To earn full credit you will need to post a response to the discussion topic, respond to the original posts of other students, and then contribute meaningfully to an ongoing discussion. You may need to post your initial response before you will see any posts from your classmates. For special cases where one or two students are accelerating faster through the course, the instructor will participate in the discussion so that everyone has the opportunity to interact.
Please see Brightspace for a full description, along with specific guidelines, for each discussion topic. Discussion board assignments should be completed, along with all other assignments in the course, in the order that they appear. Due to the course design, you may be unable to take a proctored exam if you do not complete all assignments that appear prior to that exam.
Please also refer to the Grading Policy/Grade Breakdown section of the syllabus to learn the percentage of your grade that each discussion is worth.
Please review the technical requirements for UNE Online Programs: Technical Requirements
A schedule of lectures and assignments is included in this syllabus. This is, however a self-paced course and you can complete the course in less time.

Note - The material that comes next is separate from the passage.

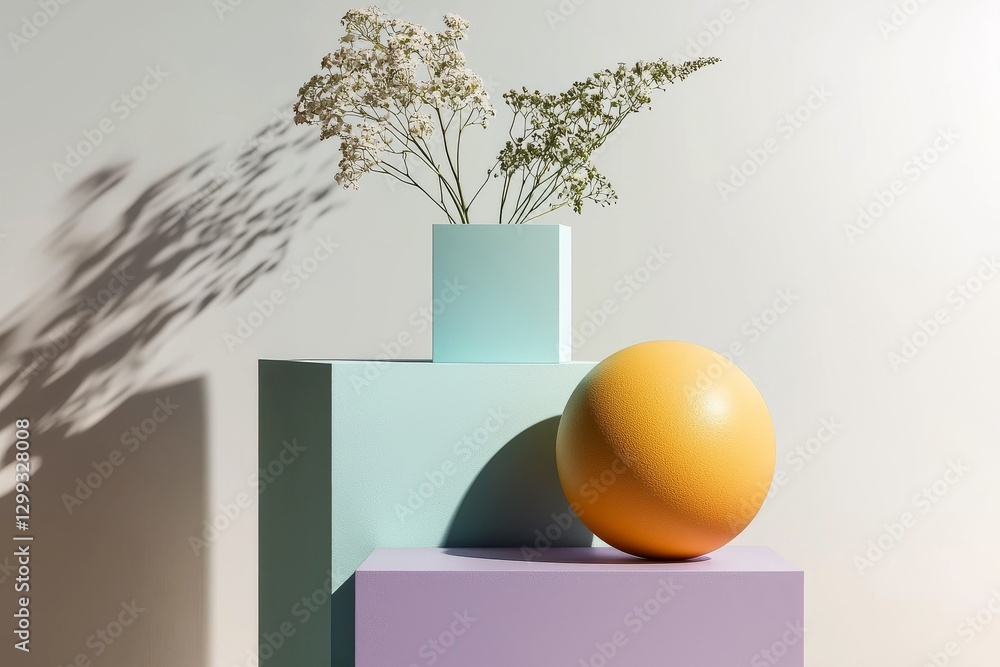 Poster an abstract 3d illustration features a yellow sphere or ball balanced on the edge of a cube geometri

Please visit the enrollment page to review the withdrawal and refund policies.
Students are expected to attempt and complete all graded assignments and proctored exams by the end date of the course. View the incomplete grade policy..

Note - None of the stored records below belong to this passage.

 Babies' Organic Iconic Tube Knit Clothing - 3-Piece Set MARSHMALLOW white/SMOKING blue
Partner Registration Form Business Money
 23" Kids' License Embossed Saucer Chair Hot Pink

Due to the Family Educational Rights and Privacy Act, only the student may request official transcripts. This may be done online by going to the University of New England Registrar website and following the directions on the page.
The University of New England values academic integrity in all aspects of the educational experience. Academic dishonesty in any form undermines this standard and devalues the original contributions of others. It is the responsibility of all members of the University community to actively uphold the integrity of the academy; failure to act, for any reason, is not acceptable.

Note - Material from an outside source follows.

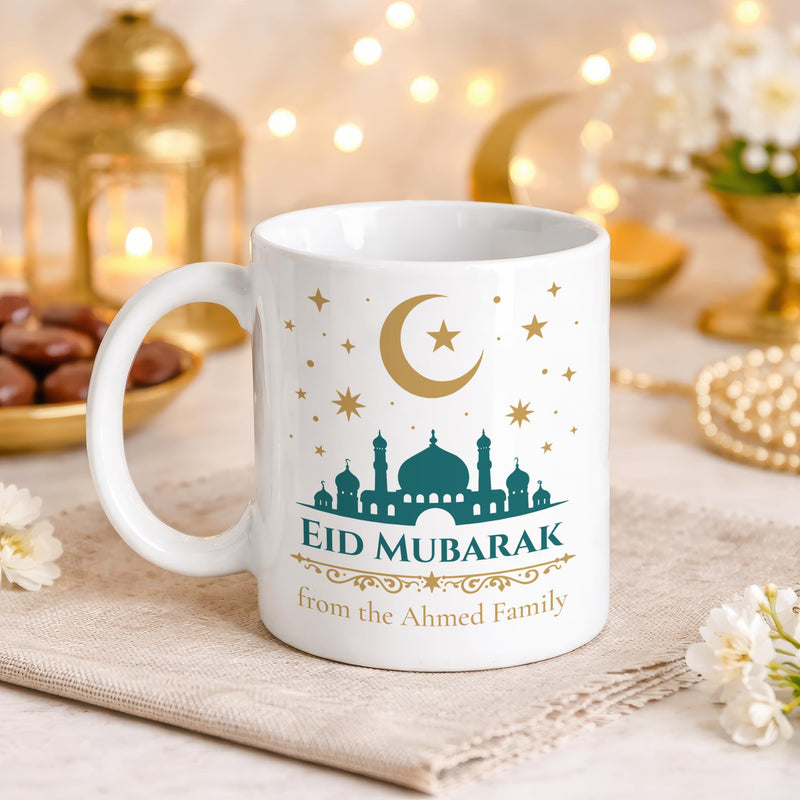 Personalised Eid Mubarak Teal Mosque Mug with Message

Academic dishonesty includes, but is not limited to the following:
Charges of academic dishonesty will be reviewed by the Program Director. Penalties for students found responsible for violations may depend upon the seriousness and circumstances of the violation, the degree of premeditation involved, and/or the student’s previous record of violations. Appeal of a decision may be made to the Dean whose decision will be final. Student appeals will take place through the grievance process outlined in the student handbook.
Generative AI (GenAI) applications (like ChatGPT) have proven to be powerful and effective tools, and students are encouraged to become familiar with and use them. However, as with any tool, students must use GenAI in ways that support learning, not replace it. Learning to use AI responsibly and ethically is an important skill in today’s society.
In their courses, students are not allowed to use advanced automated tools, such as generative AI tools, on assignments unless explicitly directed to do so. Each student is expected to complete each assignment, including labs and quizzes as applicable, without substantive assistance from others, including automated tools.
Using AI-content generators to complete assignments without proper attribution violates academic integrity. By submitting assignments in UNE courses, you pledge to affirm that they are your own work and you attribute use of any and all tools and sources.
Unauthorized use of AI is treated as a violation of academic integrity.
If permitted, students should indicate and cite any use of AI tools.
Instructors should clearly reiterate, using UNE Online’s Policy, how students can use AI tools in their courses, and communicate this policy to students at the beginning of the semester.
Students must follow the academic integrity policy of the University of New England.